--- TASK INSTRUCTIONS ---
A single number is expected: the count of lines below where the word "with" occurs.

--- DATA EXTRACT ---
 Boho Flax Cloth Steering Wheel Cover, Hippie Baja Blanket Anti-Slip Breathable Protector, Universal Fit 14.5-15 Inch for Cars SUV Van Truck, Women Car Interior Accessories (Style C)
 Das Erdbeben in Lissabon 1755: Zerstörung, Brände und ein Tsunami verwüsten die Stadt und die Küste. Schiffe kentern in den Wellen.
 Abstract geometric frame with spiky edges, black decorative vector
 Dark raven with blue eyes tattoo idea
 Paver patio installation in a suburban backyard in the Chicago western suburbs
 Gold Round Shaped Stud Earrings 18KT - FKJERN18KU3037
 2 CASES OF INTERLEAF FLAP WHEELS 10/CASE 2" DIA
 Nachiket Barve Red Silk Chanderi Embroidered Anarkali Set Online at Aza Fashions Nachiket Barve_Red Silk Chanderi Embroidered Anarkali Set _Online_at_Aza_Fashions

--- YOUR SOLUTION ---
2